Mackey’s team did a similar study investigating the effects of cannabis in more than 7,000 patients with chronic pain and found similar results – cannabis users’ outcomes were poorer coming into a clinic and remained so (Sturgeon et al., 2020). However, the main limitation of these two studies is that causality cannot be obtained with this analysis model. Propensity analysis is based on matching the observed covariates. What about the unobserved ones? They can’t be matched because we don’t know what they are.

 

Pragmatic trials and RCTs: Each have a role and a place

Mackey went on to discuss the differences between pragmatic trials and RCTs. Typically, RCTs are conducted in controlled settings, whereas pragmatic trials are done in usual care.

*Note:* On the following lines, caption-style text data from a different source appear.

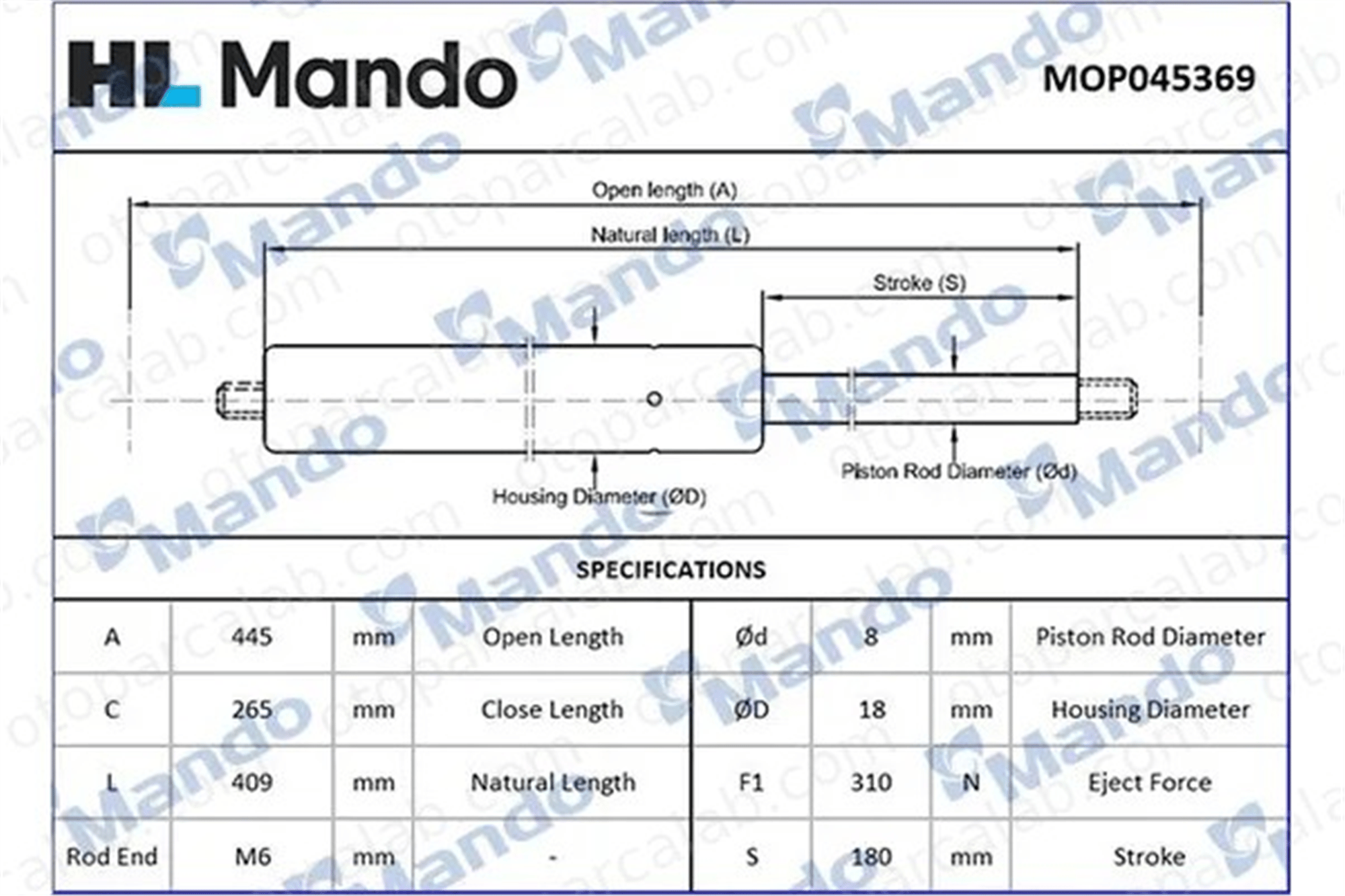 MANDO MOP045369 Bagaj Amortisörü Sağ veya Sol FORD KA ROVER STREETWISE Hatchback MOP045369 1025425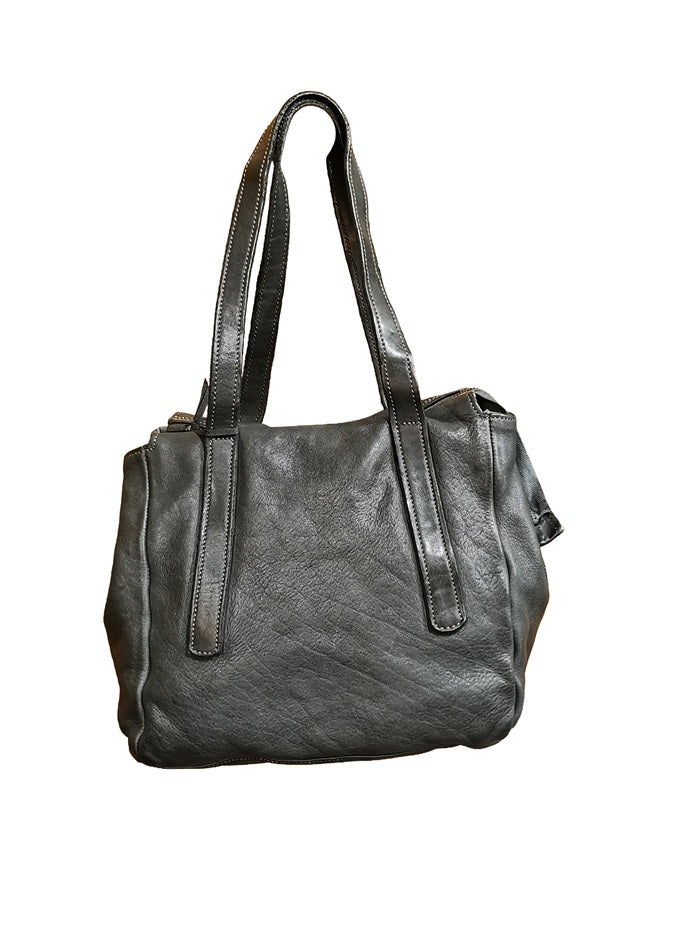 Borsa in pelle con manici e tracolla Pelletteria Allegrini Filippo 1646 Nero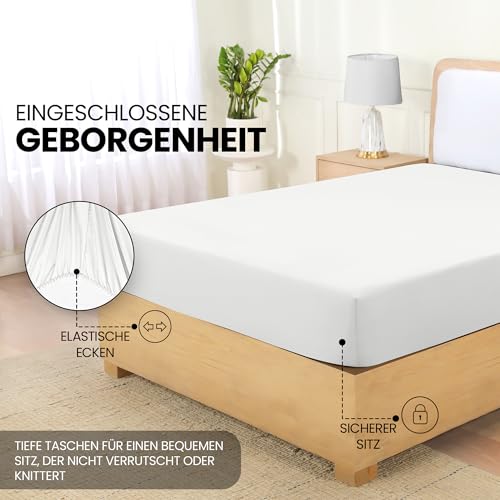 Utopia Bedding - Spannbettlaken 160x200cm - Weiß – Ansicht 4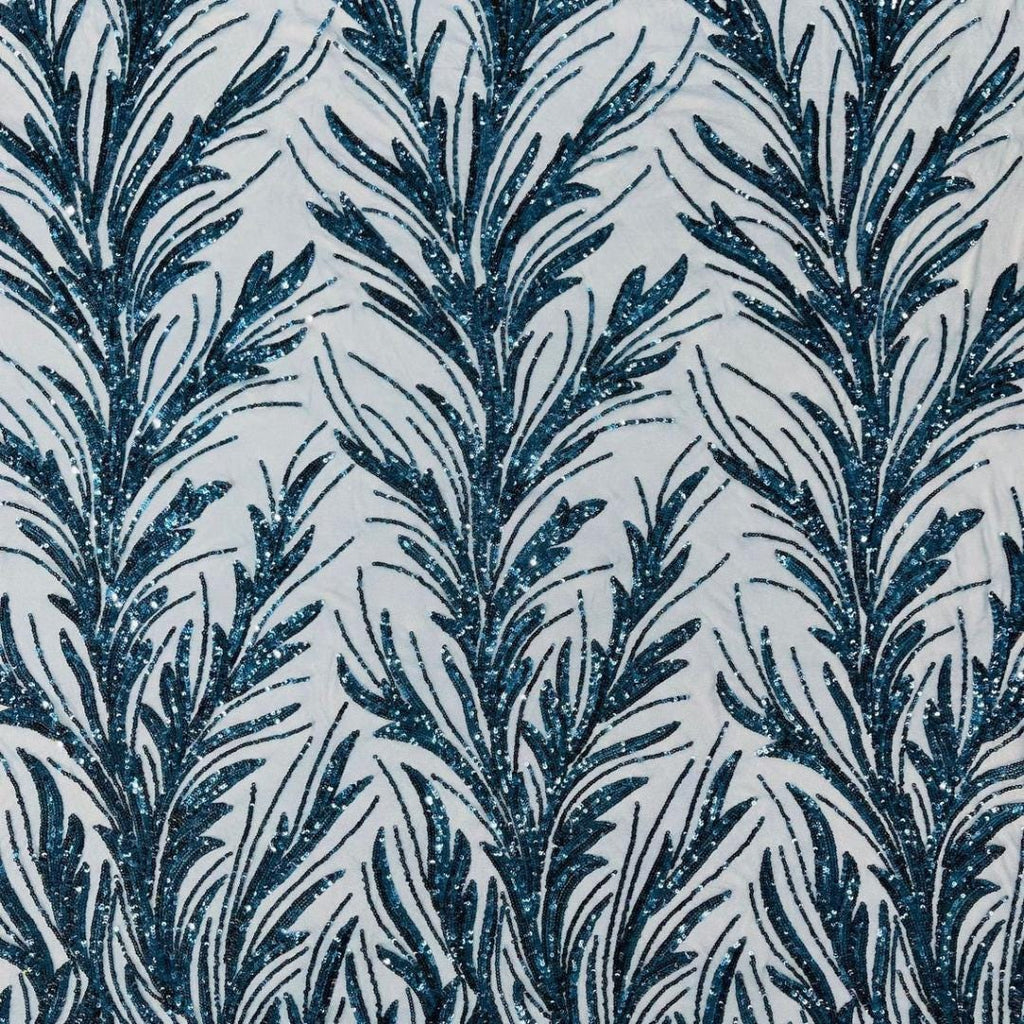 Feather Illusion Luxury Shiny Sequin - TEAL BLUE - 4 Way Stretch Mesh Fabric – Prom & Evening Dress Material By The Yard.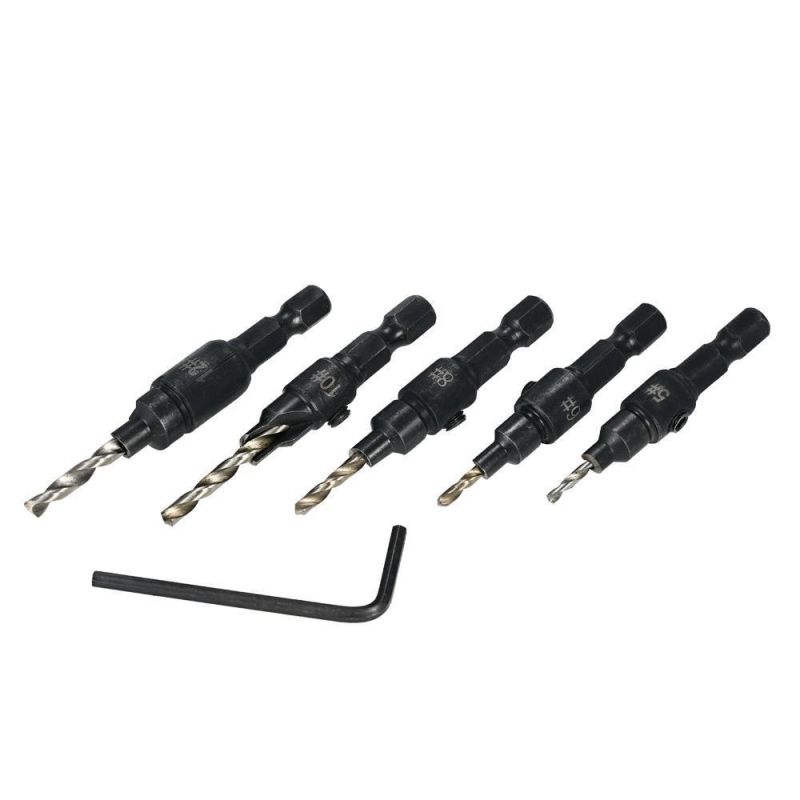 6PCS Set Hex Shank 4 Flute HSS Wood Countersink Taper Drill Bit with Stop Collars for Wood Screw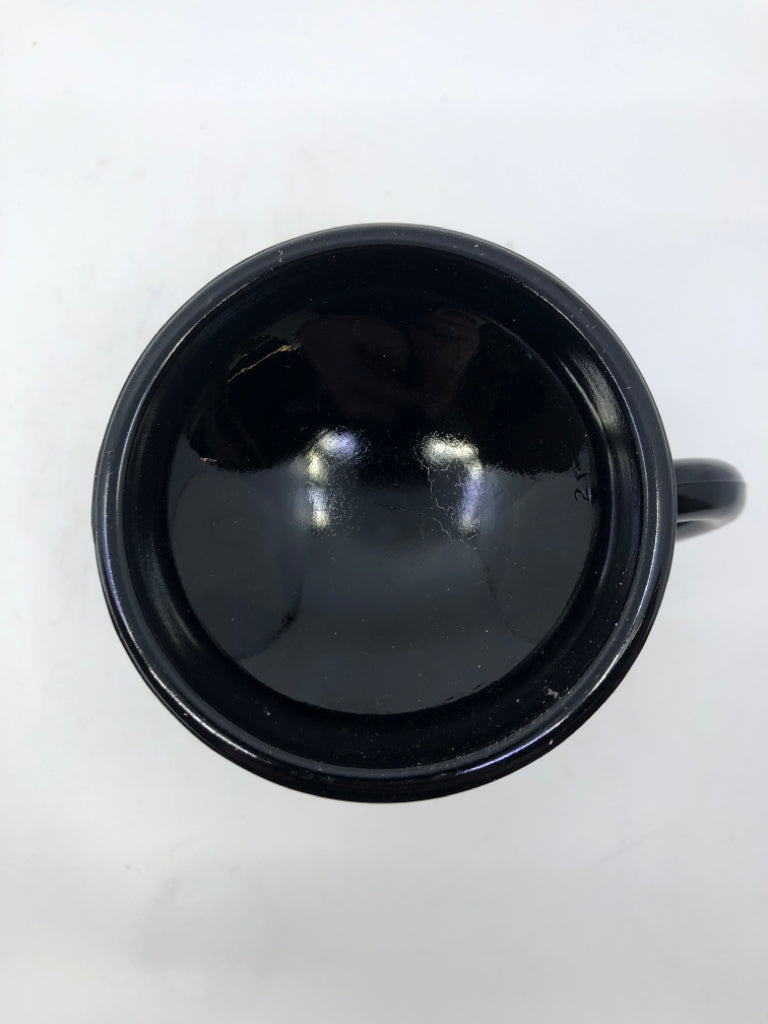 VTG TALL BLACK CANCER HOROSCOPE SIGN MUG.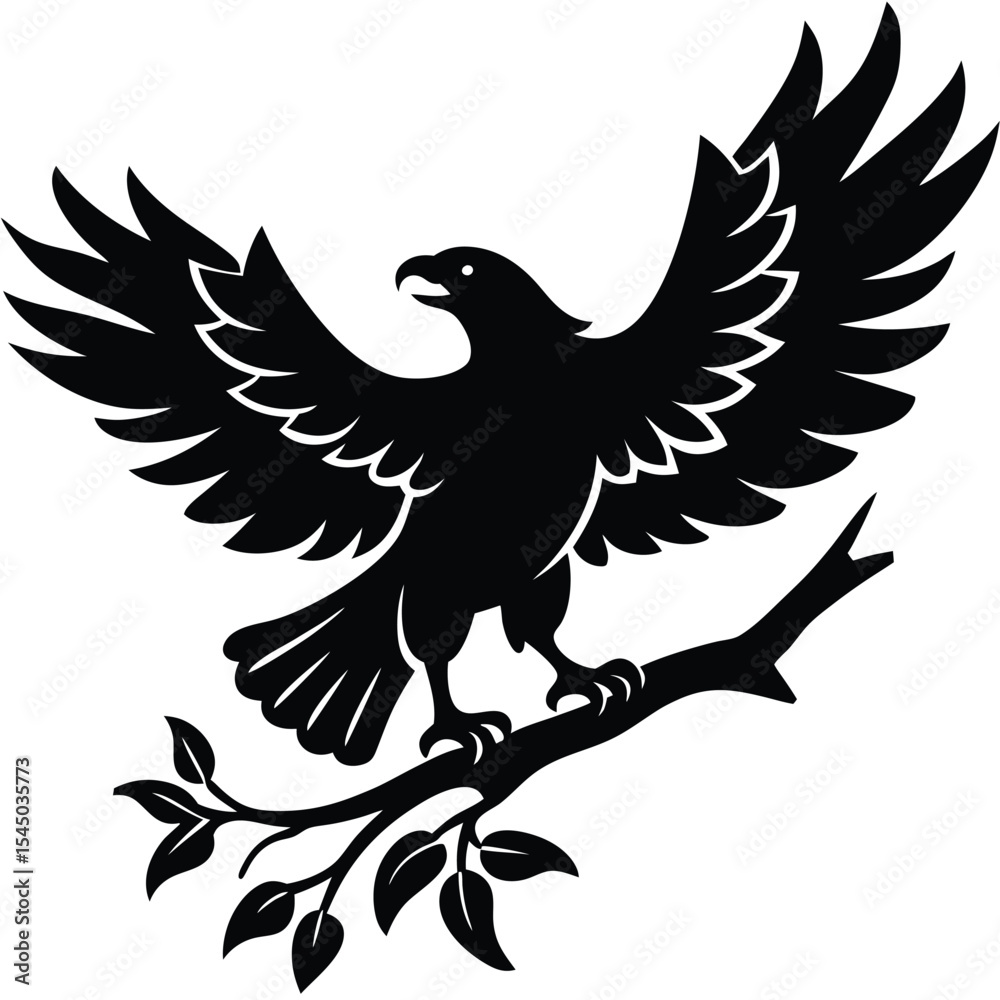 Obraz premium Black silhouette of eagle perched on branch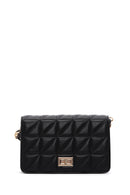 Women's Black Long Strap Quilted Crossbody Bag | Derimod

There are no comparators for pragmatic trials, whereas a placebo is used for RCTs. Also, pragmatic trials usually have looser inclusion criteria and different goals.

 

 

Mackey then brought up a controversial editorial from 2005 by Ernst and Canter which stated that “while pragmatic trials may approximate more closely to the day-to-day clinical situation in which patients are treated, the results they produce are frequently next to meaningless.” There are limitations to pragmatic trials such as:

 

1. The quality of the data. Different clinical environments may have modifications in their electronic medical records leading to different data input.

 

2. The findings may be overgeneralized. For example, a national study may only represent the four states conducting the study in their centers.

 

3. An efficacy trial cannot be conducted with a pragmatic trial.

 

Mackey’s take-home message regarding pragmatic trials and RCTs? It is not that one is better than the other. Each has its own role and place. It is a question of choosing the right study design for the question you are trying to ask. They each have strengths and weaknesses. There is no gold standard. Mackey pointed out that although David Sackett may have gotten it wrong about RCTs, he beautifully defined evidence-based medicine as “integrating individual clinical expertise with … the best available external clinical evidence from systematic research.” Mackey believes that this should be extended to obtain viewpoints from Patient Partners. While concluding, Mackey urged everyone in attendance to remember that this is all about the person we are taking care of. We ultimately want to improve the lives of patients.